Disrupted aid deliveries of water, food, medicine, and fuel and the lack of imports of fresh fruit and vegetables have left most Gazans in want and malnourished. Like all the other peoples of the coastal region, Gazans are used to the "Mediterranean diet" which includes fresh salads, vegetable stews, vegetables stuffed with meat and rice, yoghurt, milk and cheese. Gazans are not used to relying on uncertain meals of rice and tinned vegetables when they can access these ingredients. They are not only being starved of the food they are used to consume but meals which provide what is needed for balanced diets and nutrition. The UN children’s agency UNICEF has reported that 9,000 children have been treated for malnutrition this year while hundreds more could not reach medical centres due to insecurity and displacement.
The US-Israeli creation of the so-called Gaza Humanitarian Foundation, set to become operational at the end of this month, has been rejected by the UN and aid agencies as a solution for Gaza’s starving Palestinians. This mechanism will provide supplies for only a portion of the population at the outset before expanding. Not all Gazans will be covered.
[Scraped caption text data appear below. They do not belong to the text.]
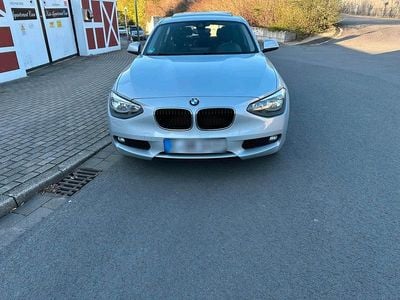 Gebraucht BMW 120 180 PS (132 kW) 2012 Grau Kleinwagen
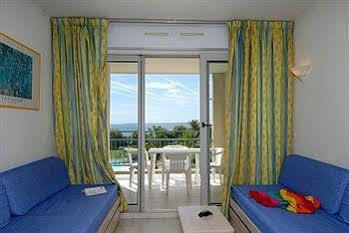 Residence Odalys Les Pins Bleus Juan-les-Pins Luaran gambar
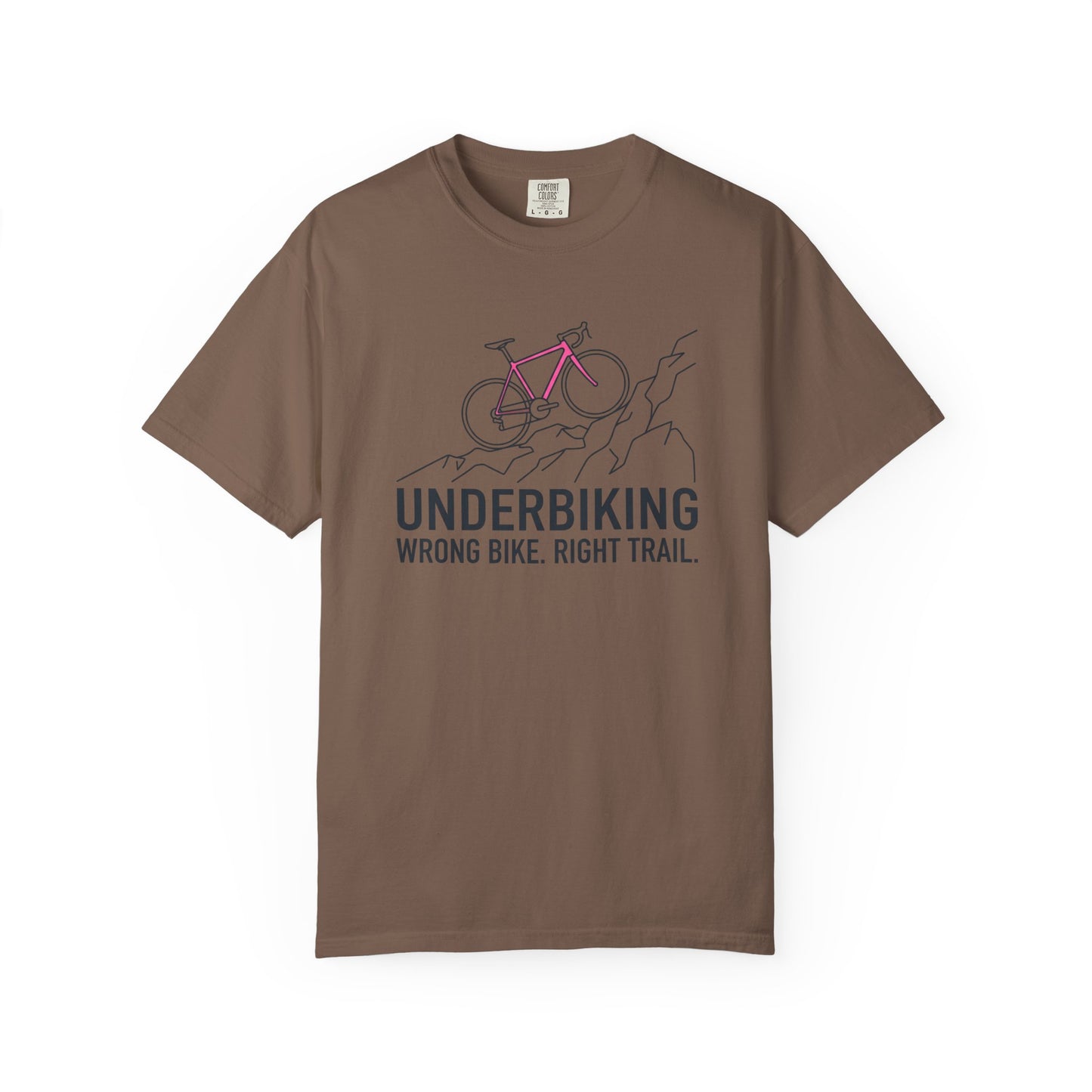 Underbiking T‑Shirt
This mechanism will vet recipients, the six hubs for distribution are to be in the south, forcing Gazans living in the north to be displaced to the south or starve. US mercenaries and Israeli troops – who are seen as enemies by Palestinians – will impose security.
The situation is desperate and getting worse. The UN Integrated Food Security Phase Classification (IPC) said last week that at least 244,000 Gazans face Phase 5 classification for “extreme deprivation of food. Starvation, death, destitution, and critical levels of acute malnutrition are or will likely be evident." All Gaza is in Phase 4, characterised by "large food consumption gaps and excess mortality," IPC said.